"This view of why objects fall reigned until the
scientific revolution that began in the
Renaissance. “Standing on the shoulders of giants” like
Kepler and
Galileo,
Isaac Newton realized that the
apple falling to the ground and the
Moon
orbiting Earth were subject to the same gravitational force. The force
was proportional to the mass of the two bodies attracting each other and
inversely proportional to the square of the distance between them.

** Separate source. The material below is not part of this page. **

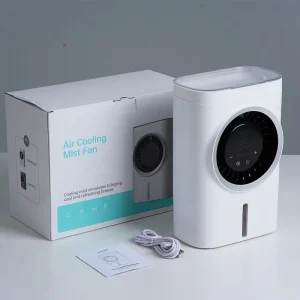 Semiconductor Cooling Portable Cooling Fans Mini Usb Rechargeable Table Fan Desk Air Cooler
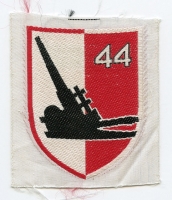 1960's ARVN (Army of the Republic of Viet Nam) 4th Division, 4th Artillery Bevo Weave Patch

(That is, when two bodies are twice as far apart as they were before,
the gravitational attraction is 1/[2×2], or ¼ as strong.) The force
operated between everything in the universe and explained the motions of
the Moon and the
planets very well.
Well, almost. Newtonian gravity had its triumphs. It was used to predict the location of the then unknown planet
Neptune. However, for
Mercury, the closest planet to the
Sun,
Newton’s law
was not quite as accurate in predicting the location of the planet’s
perihelion (the point in its orbit where it is the closest to the Sun)
as it was for the others. This point seemed to move about the Sun, and
the motion vexed astronomers until
Einstein introduced his theory of general
relativity in 1915, in which gravity is not a force reaching out across the universe but is a bending of
space-time around a massive object. The orbits of the planets and the apples falling to the ground follow the shape of space-time."